Dans nos sociétés avancées, nos relations sont intermédiées par des chiffres. « De nombreuses activités relationnelles, telles que la réputation et la confiance, la conversation, l’interaction émotionnelle, la politique, les affaires, etc. sont représentées par des plateformes numériques et des fonctions programmées. » L’argent, les statistiques et les mesures sont partout. Cette intermédiation croissante par des codes et mesures présente deux inconvénients, souligne Stefano Diana : le premier, c’est le mensonge. Plus nous nous connectons les uns aux autres par le biais de langues (plutôt que de corps), plus nous pouvons mentir. Pour y remédier, nous avons tendance à vouloir introduire toujours plus de chiffres. Mais plus les chiffres sont nombreux et plus les mensonges sont forts. Rien n’est plus simple à falsifier qu’un chiffre, pointe le designer – et c’est certainement encore plus le cas quand il est calculé, donc apprécié par une cascade d’autres calculs, qui transforme sa précision en seuils.

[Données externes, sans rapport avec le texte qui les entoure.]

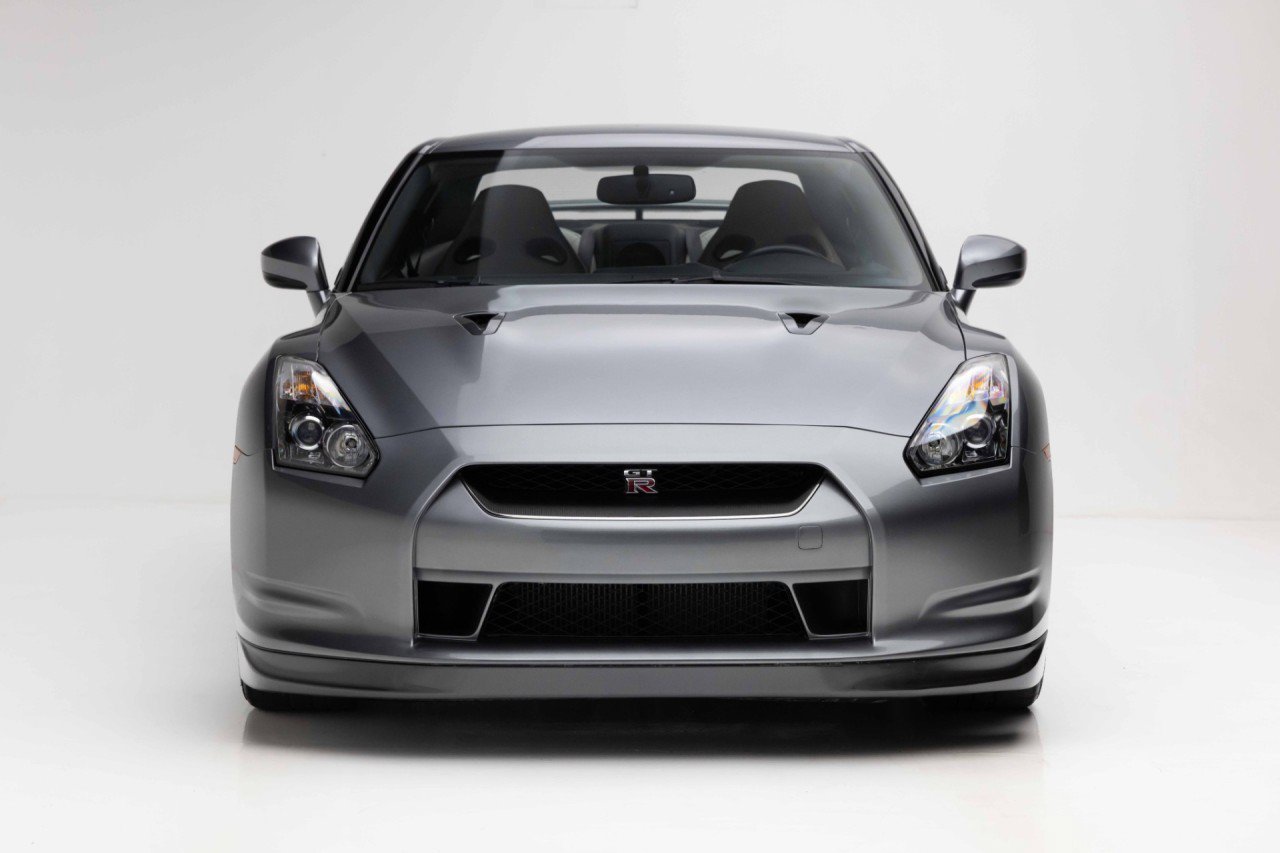 Used 2010 Nissan GT-R Premium AWD/4WD image 5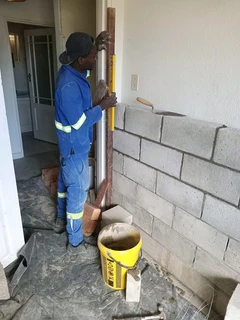 Skilled bricklayer and plasterer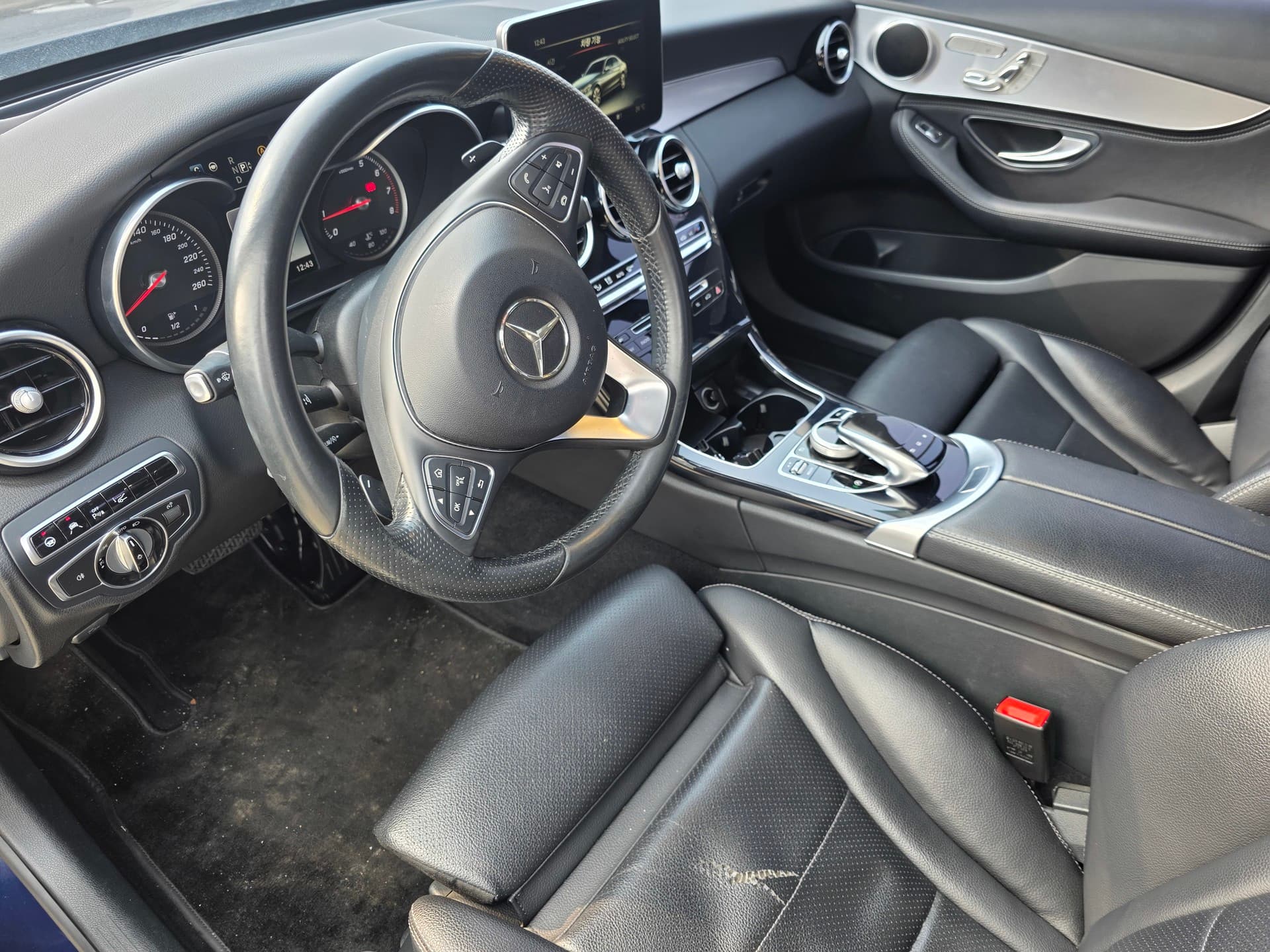 2015 Mercedes-Benz C200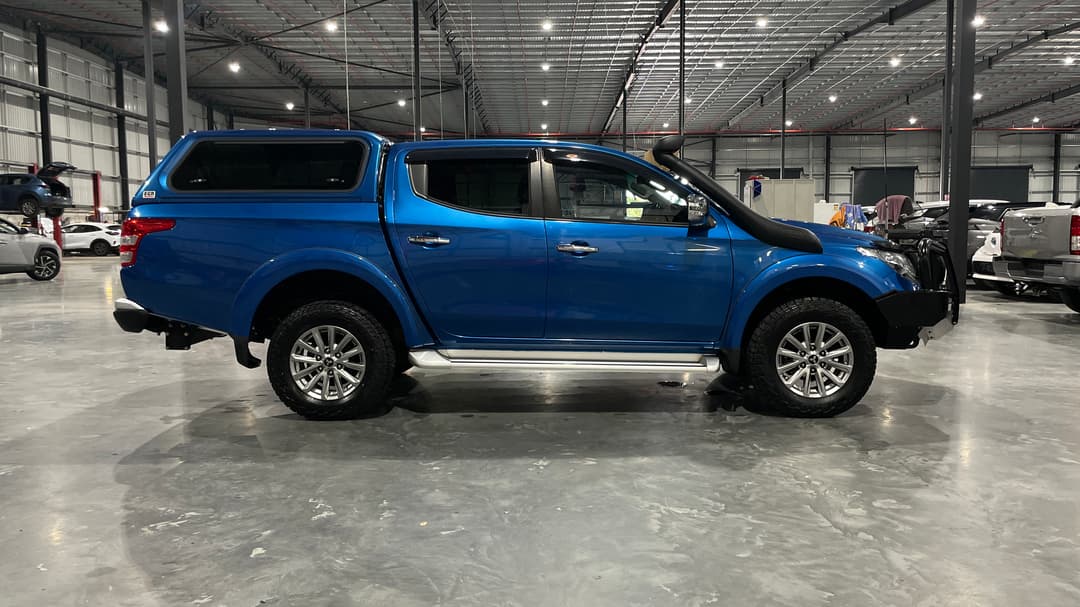 2018 Mitsubishi Triton Gls (4x4), Automatic, 91564 km, Right Side View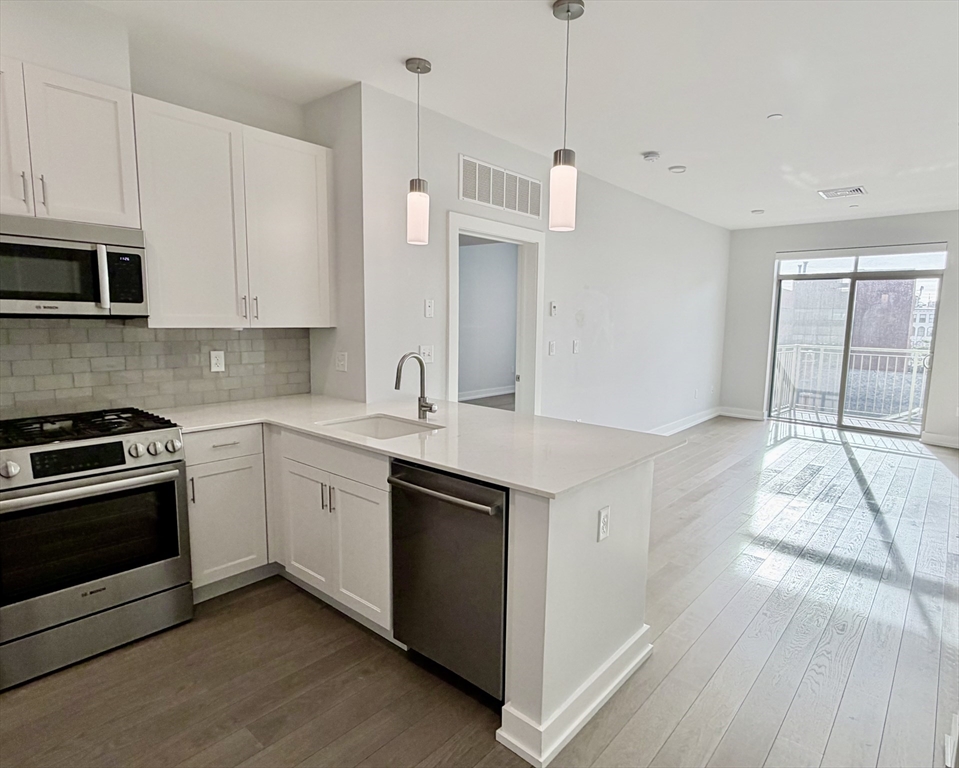 65 Washington Street, Salem, Massachusetts, 2 Bedrooms Bedrooms, 4 Rooms Rooms,2 BathroomsBathrooms,Residential Lease,For Rent,Washington Street,73474687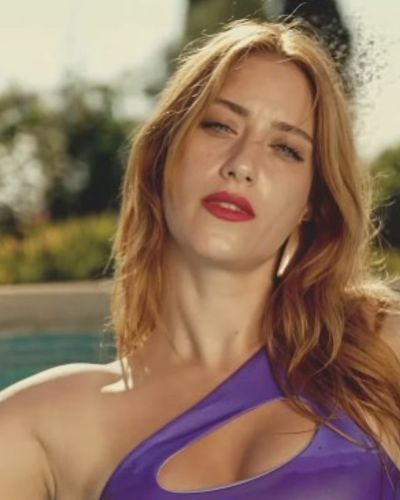 Hazal Kaya seksi ifşa fotoğrafı 80386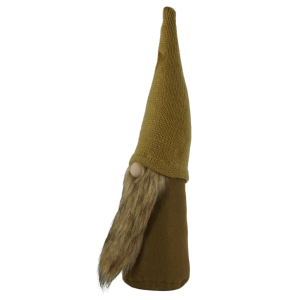 Widok z boku na figurkę krasnala w odcieniach brązu. Wyraźnie widać fakturę dzianinowej czapki oraz miękką brodę maskotki o wysokości 35 cm.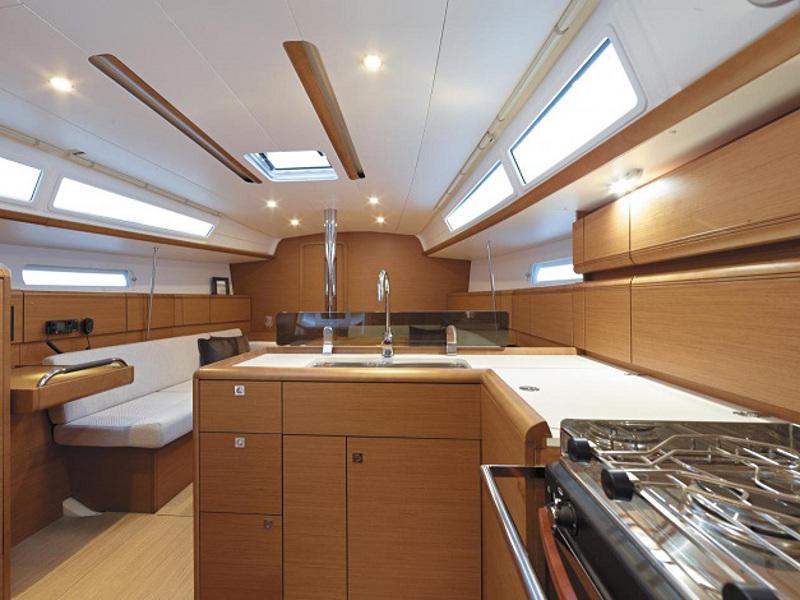 Book yachts online - sailboat - Sunsail 38 - Sunsail 38 (2017) - rent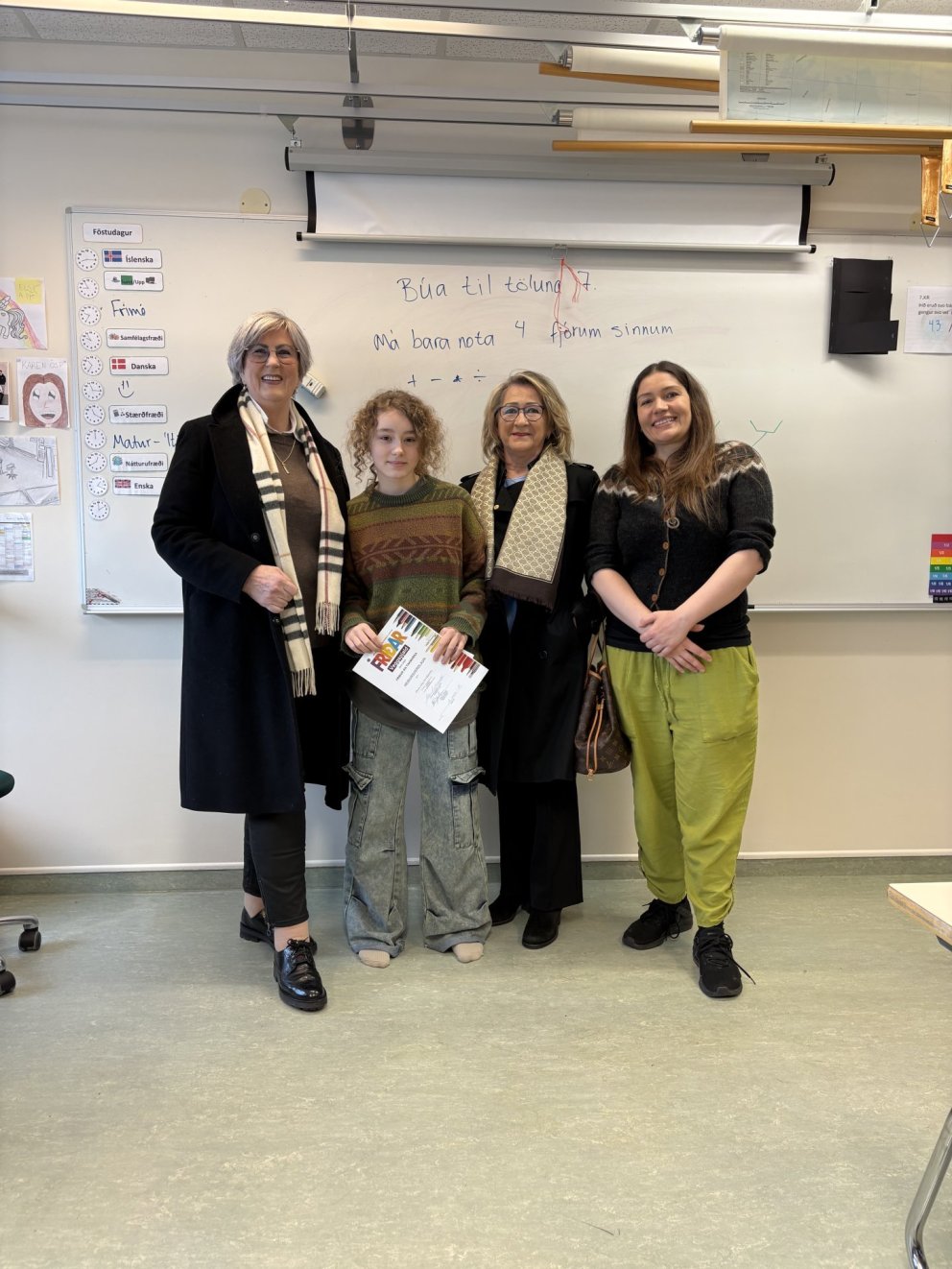 Olivia Sóley Þórólfsdóttir ásamt fulltrúm frá Lions á Ísland og Helenu Mariu sjónlistakennara í Njar…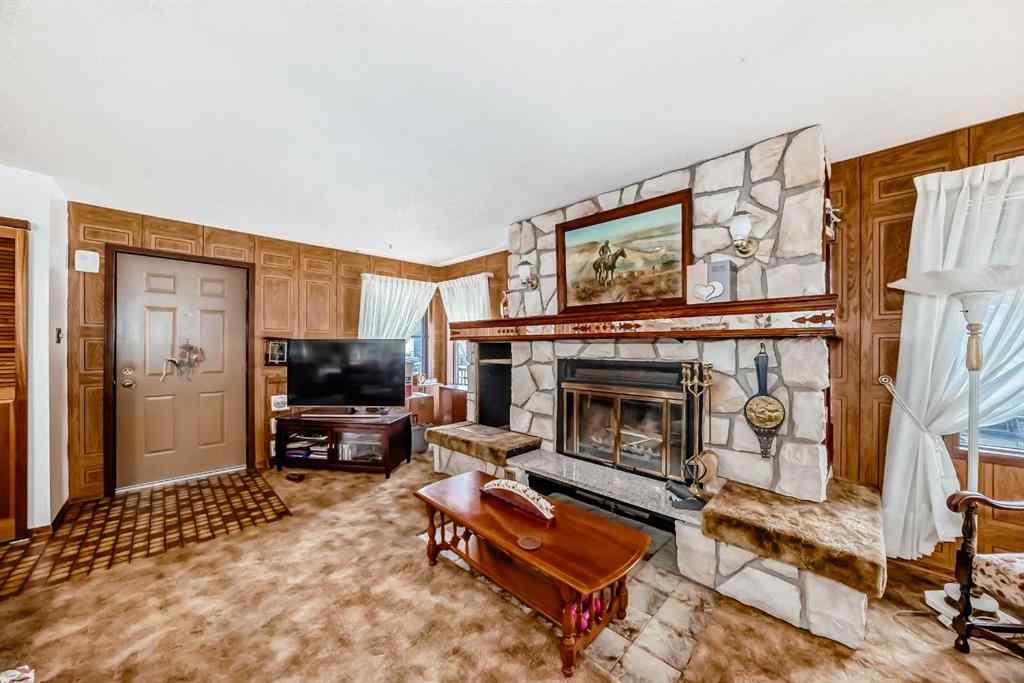 MLS® A2226409 - 2715 40 Street SW in Glendale Calgary, Residential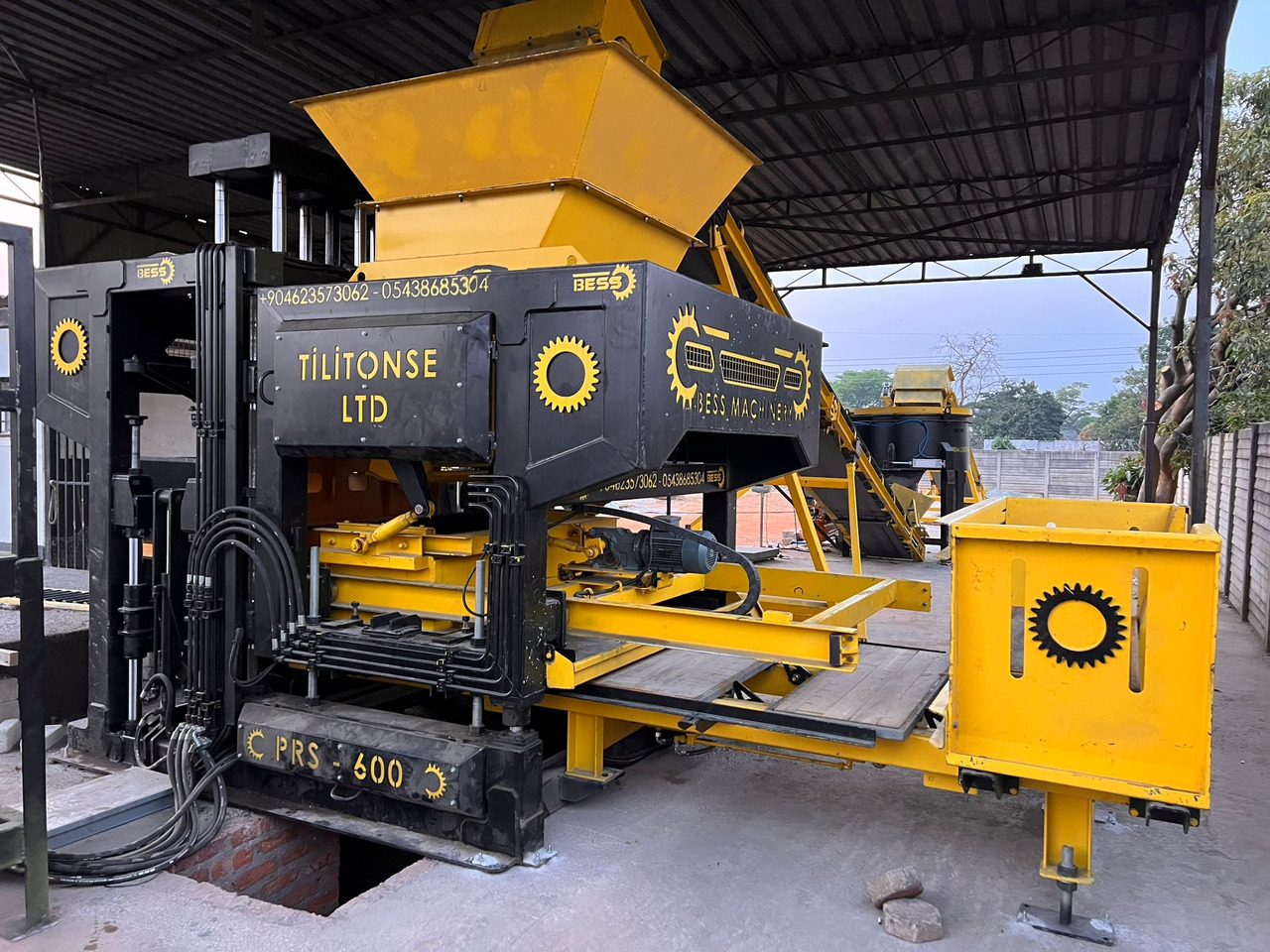 PRS-600 Semi-Automatic Concrete Block Machine - Block making machine: picture 4 PRS-600 Semi-Automatic Concrete Block Machine - Block making machine: picture 4
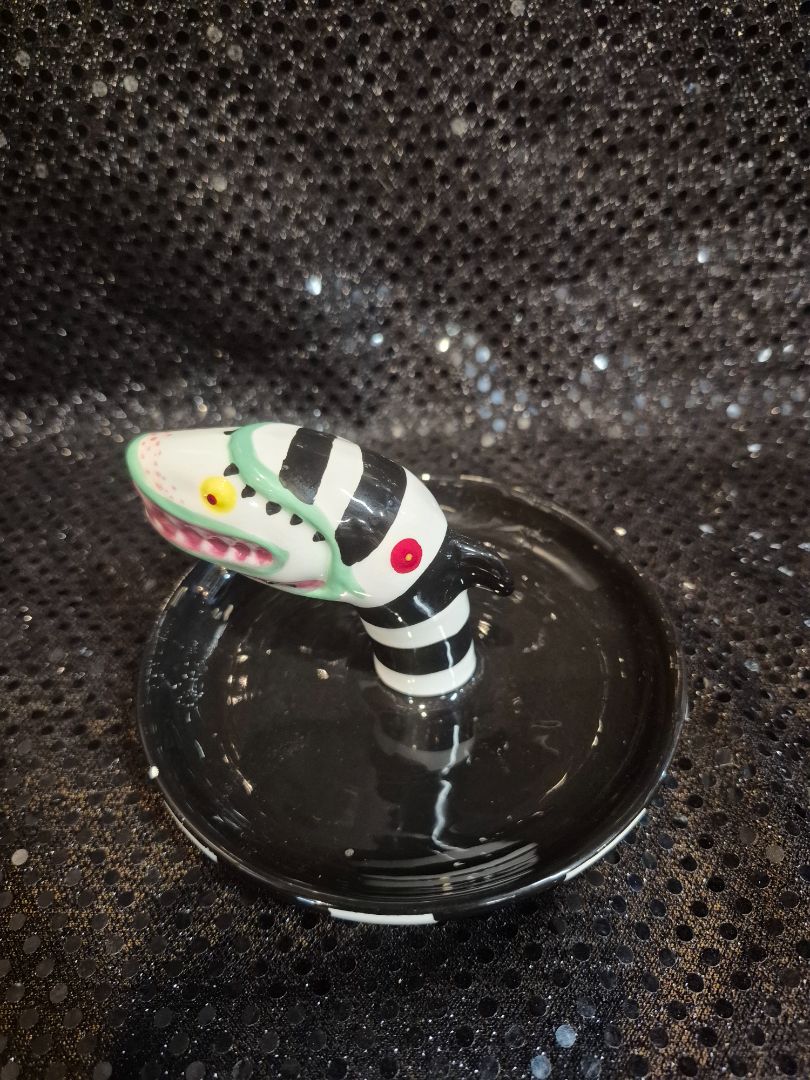 Black & White  Beetle Juice Sandworm Trinket Tray, 5" × 3"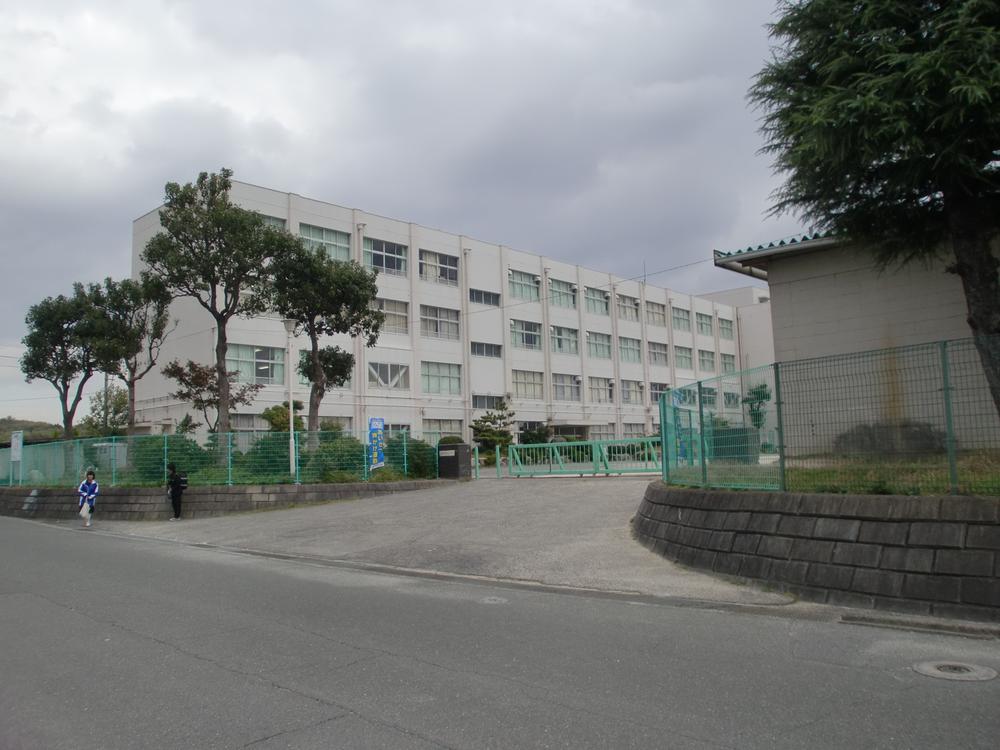 Junior high school. Kuwana City Masakazu until junior high school 2192m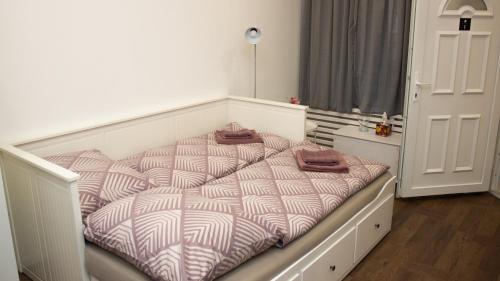 Postel nebo postele na pokoji v ubytování Black Stilt Apartments B1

Le second inconvénient, c’est que les chiffres produisent de l’inhumanité. Notre conscience est filtrée et réduite : tout devient chose ! Or, voir les humains comme des choses est une déficience mentale, elle est la caractéristique principale d’une psychopathologie. « Les théories qui modélisent les humains en tant que variables sont indifférentes aux humains, elles sont donc intrinsèquement antisociales. » Pour Stefano Diana, notre compulsion aux chiffres nous conduit à un état de psychopathologisation avancée.

L’abstraction croissante induite par l’utilisation des chiffres et des mathématiques – associée à la montée de l’individualisme – génère une forme de fonction d’utilité croissante dont le principal effet est de désactiver, à très grande échelle, l’empathie naturelle des agents sociaux. Ainsi, les caractères pathologiques des individus les plus antisociaux deviennent les caractères généralisés de nos sociétés contemporaines, explique-t-il en évoquant les réseaux sociaux. Au final, malgré la complexité des calculs, nos décisions finissent par être prises selon des conditions arithmétiques simplistes : « si N > 0, faites ci, sinon faites ça » ! « Si le taux de croissance d’une forêt est supérieur au taux d’intérêt, conservez-la ; sinon, coupez-la ! »

Reste que ces enjeux révèlent encore un autre problème : l’abstraction des chiffres repose intrinsèquement sur l’idée d’une croissance illimitée… car les nombres abstraits et la taille des calculs, contrairement au monde physique, eux peuvent croître sans limites.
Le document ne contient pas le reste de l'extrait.